• [What the task requires]:
All pictures are to be dropped, and the remaining data set down exactly.

──────── Data in this exercise ────────

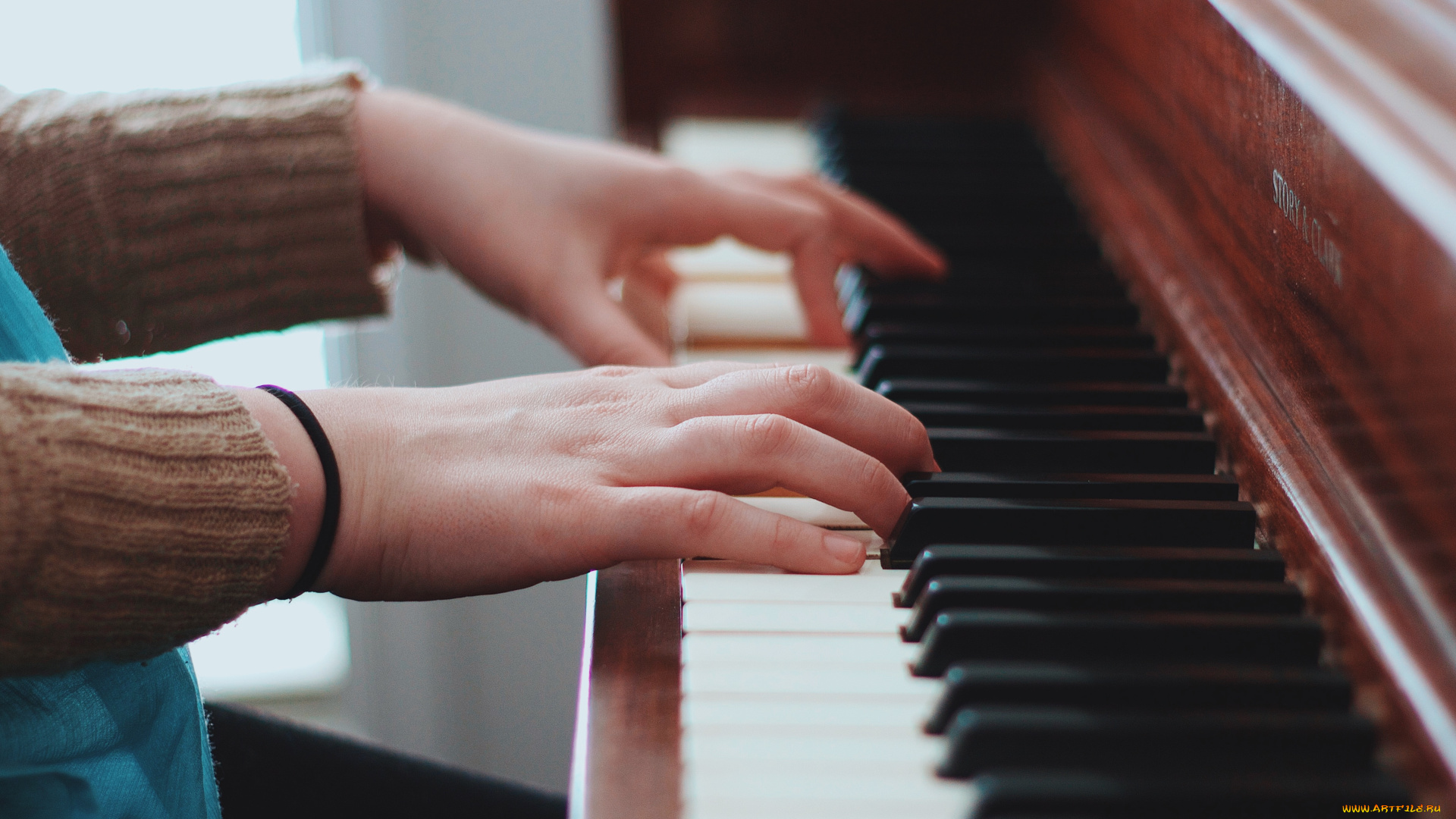 музыка, -музыкальные, инструменты, руки, клавиши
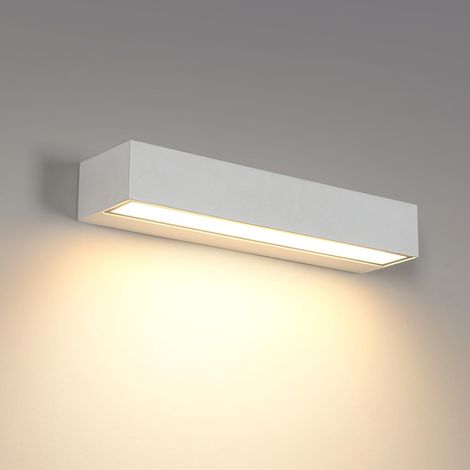 16W Applique Murale Exterieur 3000K Moderne Lampe Murale Blanc IP65 Étanche, Spot Murale en Aluminium pour Jardin, Terrasse, Mur, Pathway, Villa, Couloir (1/5)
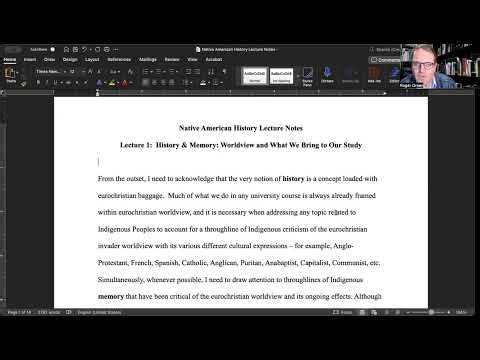 Lecture 1: Introduction to Native American History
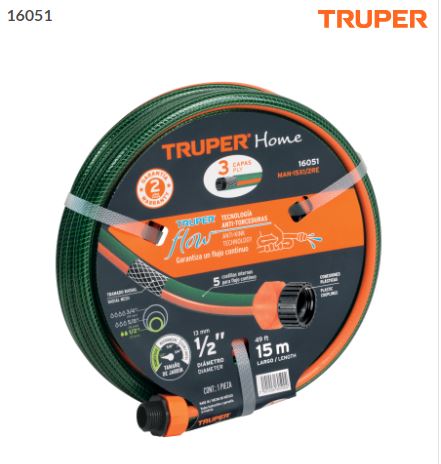 SET MANGUERA TRUPER 1/2in x 15 m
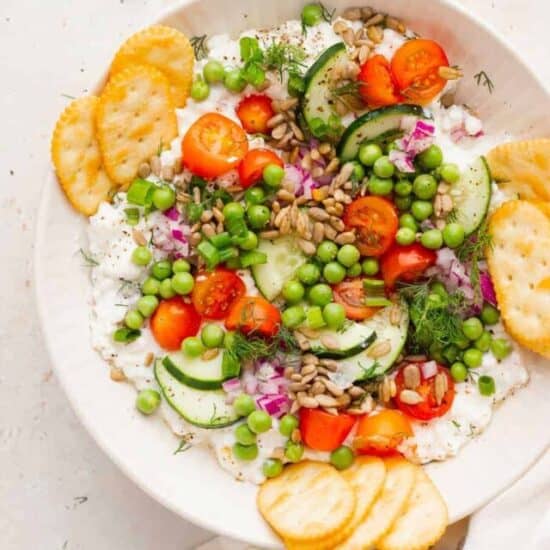 cottage cheese salad in a bowl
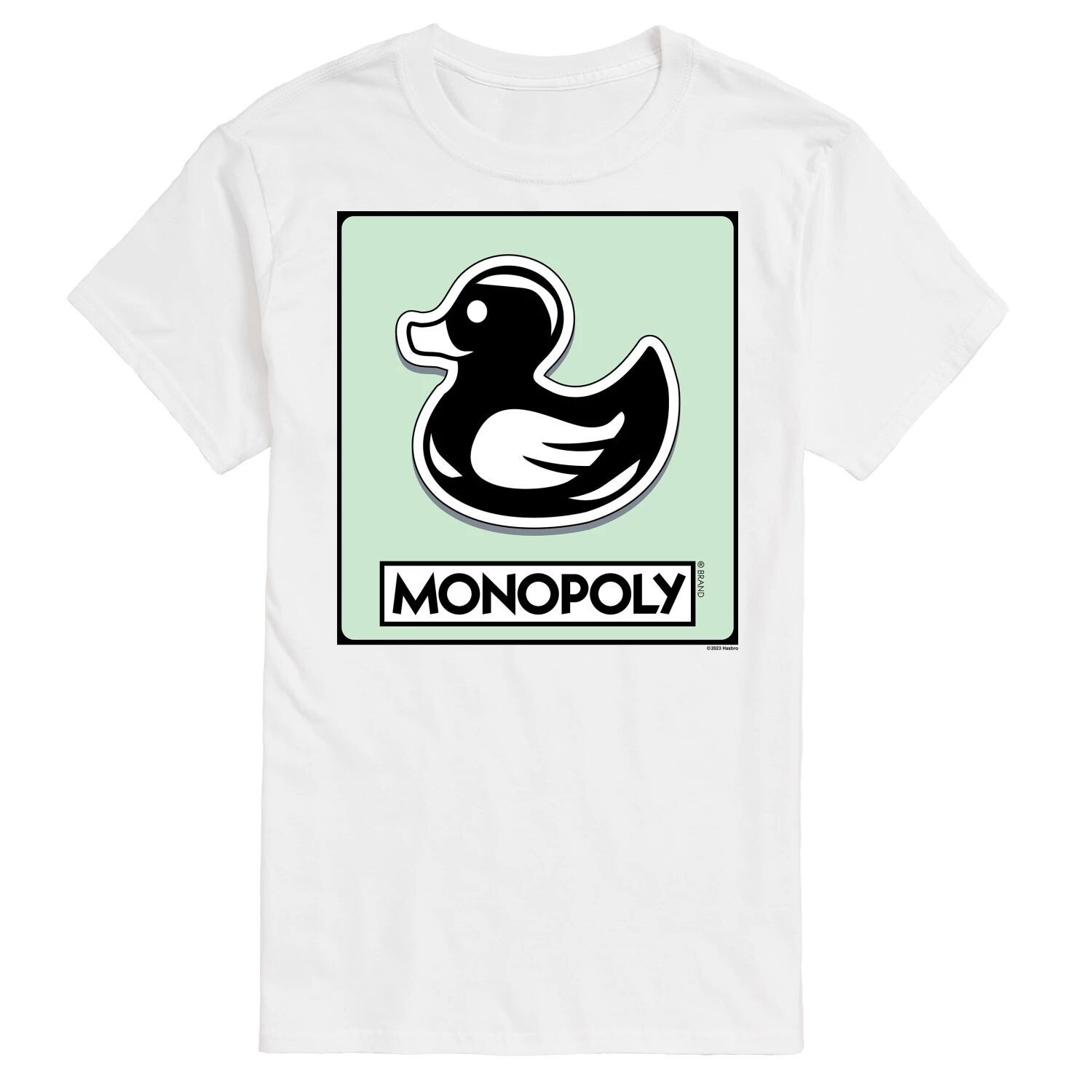 

Футболка с изображением утки Big & Tall Monopoly Licensed Character, белый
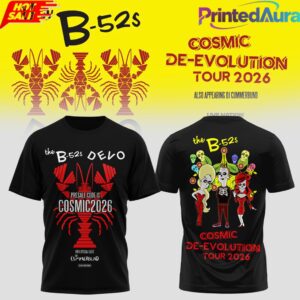 THE B52s x DEVO COSMIC DEEVOLUTION T-SHIRT 1 THE B52s x DEVO COSMIC DEEVOLUTION T-SHIRT 1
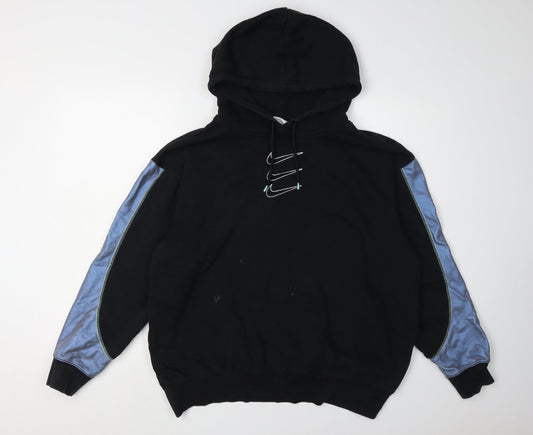 Nike Men's Black Pullover Hoodie, Small, Graphic Logo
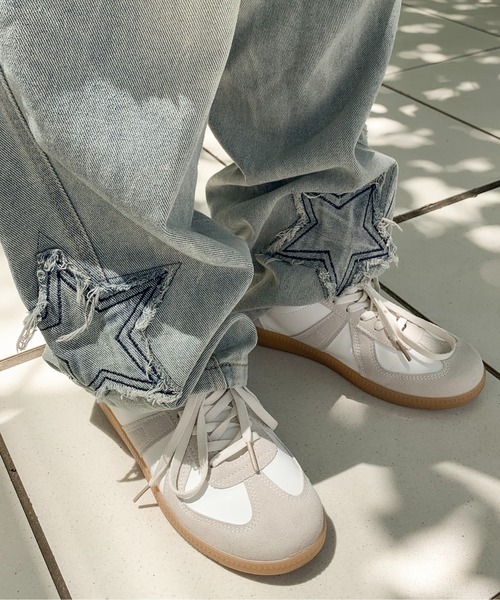 SHEPP（シープ）の「ジャーマントレーナー スニーカー（スニーカー・レディース・ブラック/ホワイト・36/38/40）」の20枚目の写真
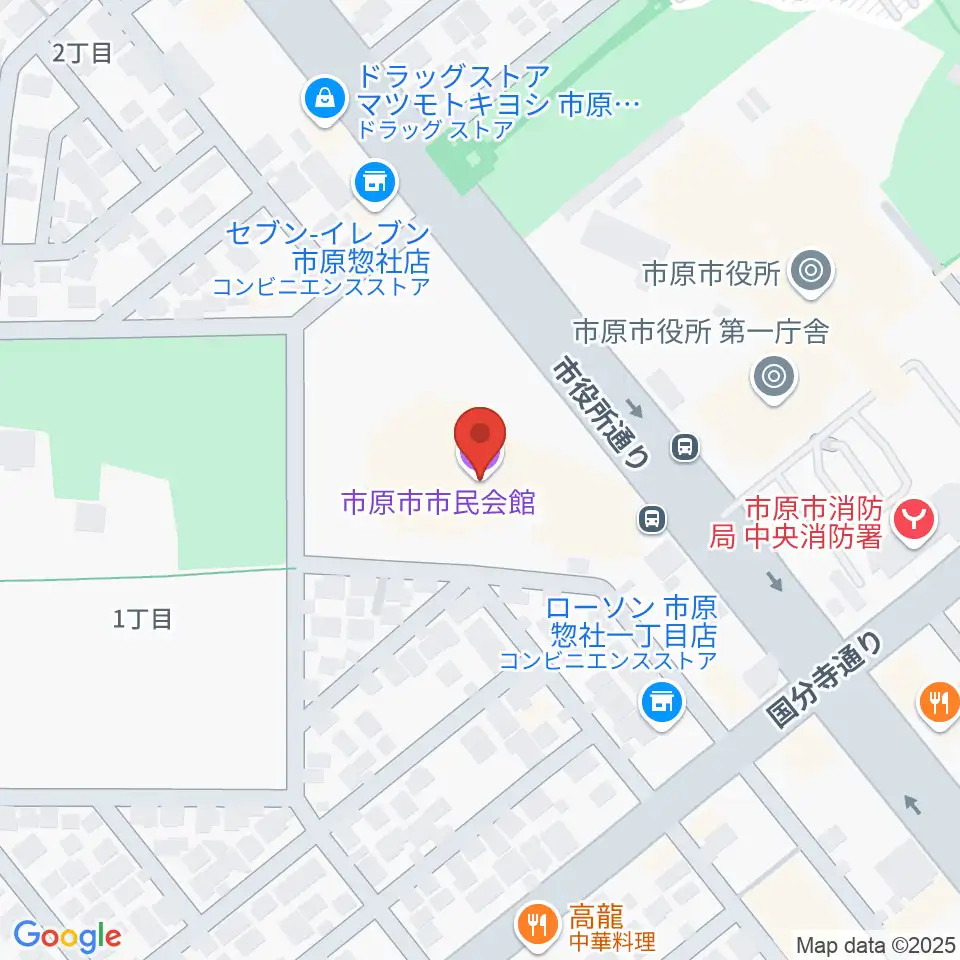 市原市市民会館周辺のホテル一覧地図
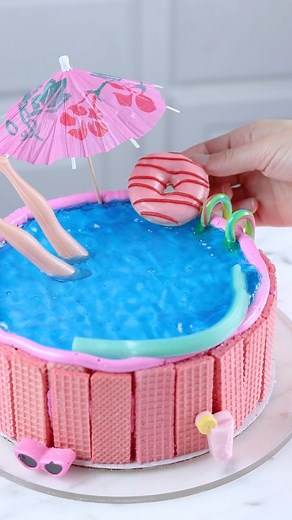 1.9M views · 76K reactions | Barbie Pool Cake Hack!  I tried...
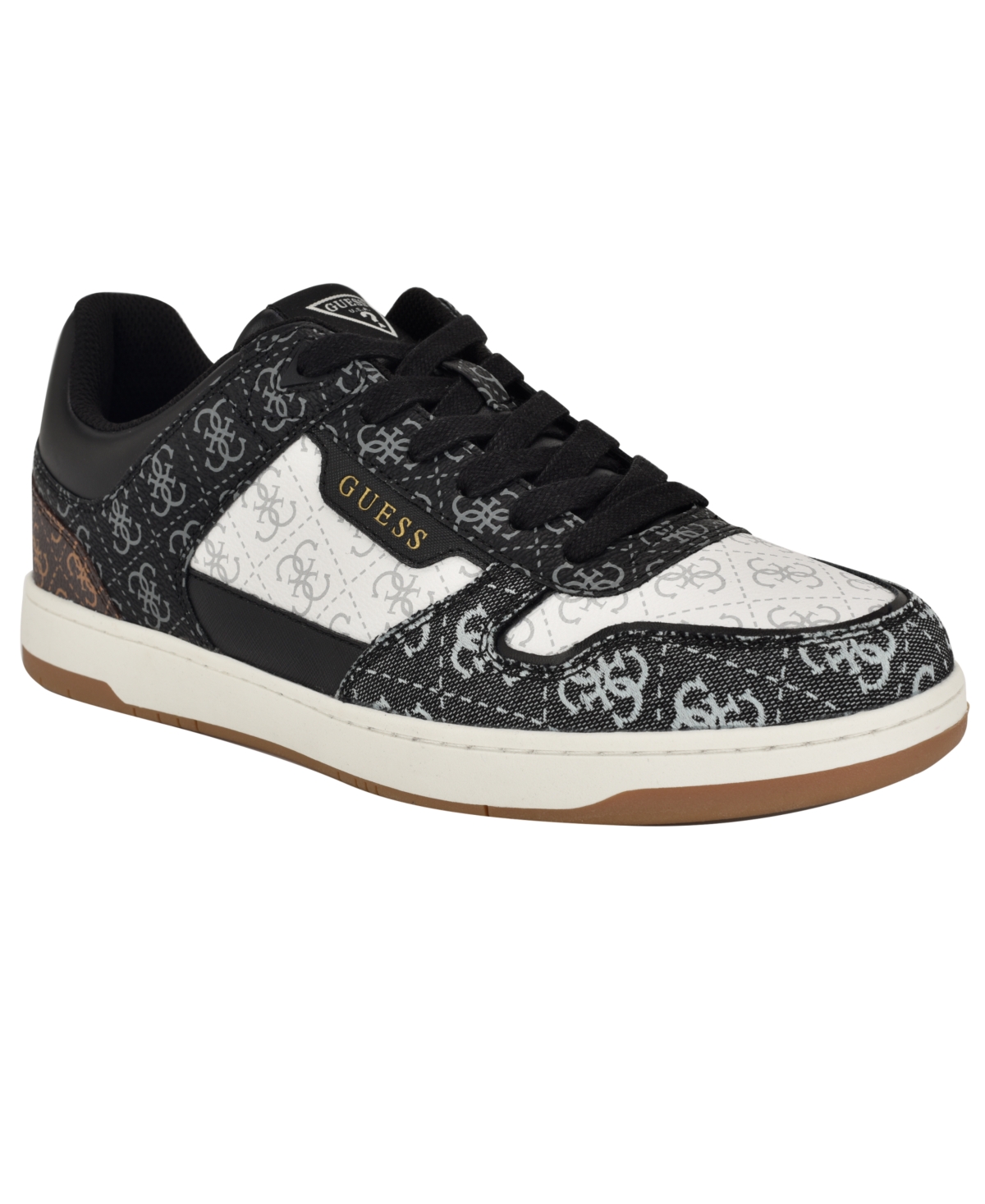 Men's Tirry Low Top Lace Up Fashion Sneakers - Black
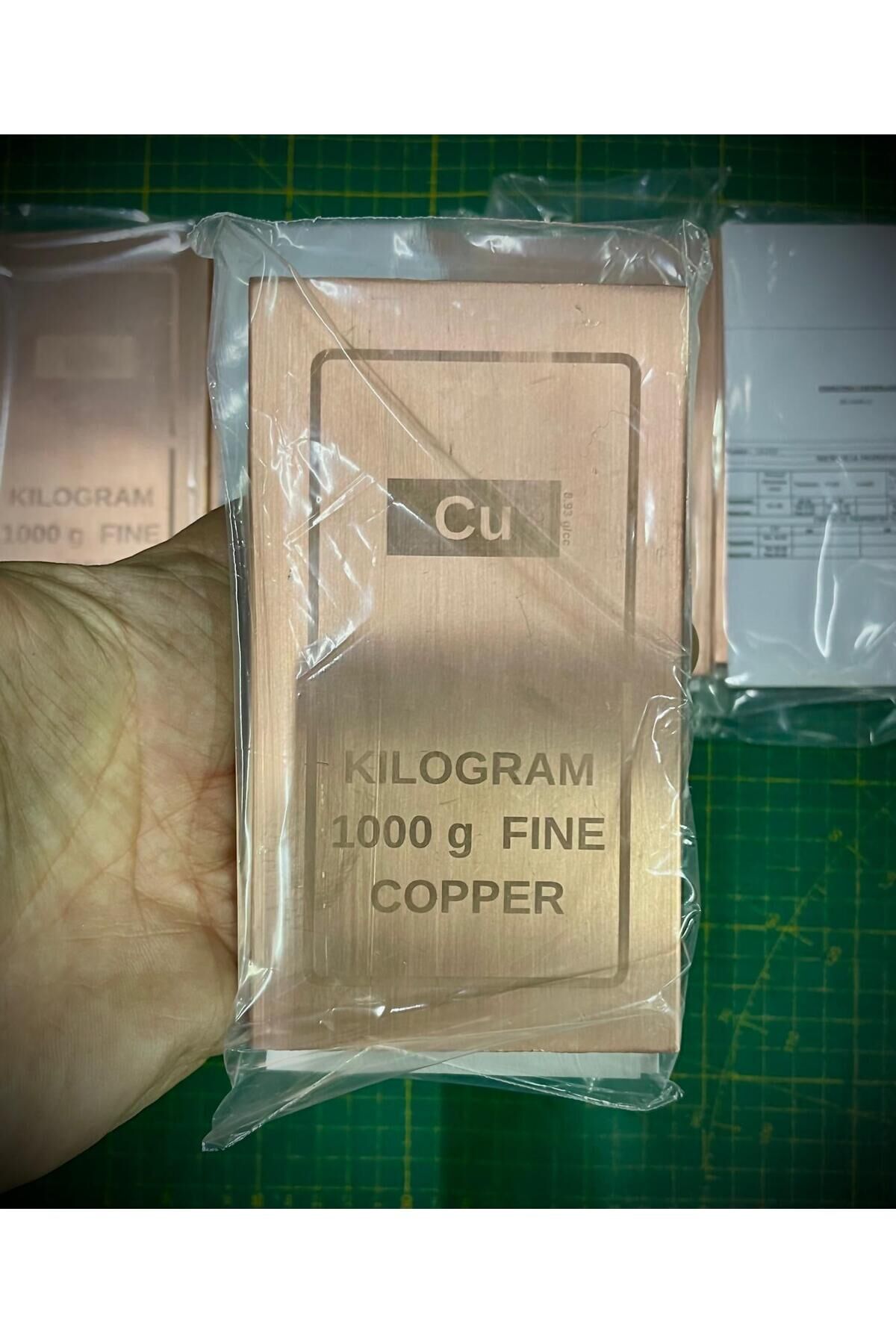 1KG Işlenmiş Külçe Bakır Super Kalite Bakir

────────

• [Response to this exercise]:
 музыка, -музыкальные, инструменты, руки, клавиши
 16W Applique Murale Exterieur 3000K Moderne Lampe Murale Blanc IP65 Étanche, Spot Murale en Aluminium pour Jardin, Terrasse, Mur, Pathway, Villa, Couloir (1/5)
 Lecture 1: Introduction to Native American History
 SET MANGUERA TRUPER 1/2in x 15 m
 cottage cheese salad in a bowl

Футболка с изображением утки Big & Tall Monopoly Licensed Character, белый
 THE B52s x DEVO COSMIC DEEVOLUTION T-SHIRT 1 THE B52s x DEVO COSMIC DEEVOLUTION T-SHIRT 1
 Nike Men's Black Pullover Hoodie, Small, Graphic Logo
 SHEPP（シープ）の「ジャーマントレーナー スニーカー（スニーカー・レディース・ブラック/ホワイト・36/38/40）」の20枚目の写真
 市原市市民会館周辺のホテル一覧地図
 1.9M views · 76K reactions | Barbie Pool Cake Hack!  I tried...
 Men's Tirry Low Top Lace Up Fashion Sneakers - Black
 1KG Işlenmiş Külçe Bakır Super Kalite Bakir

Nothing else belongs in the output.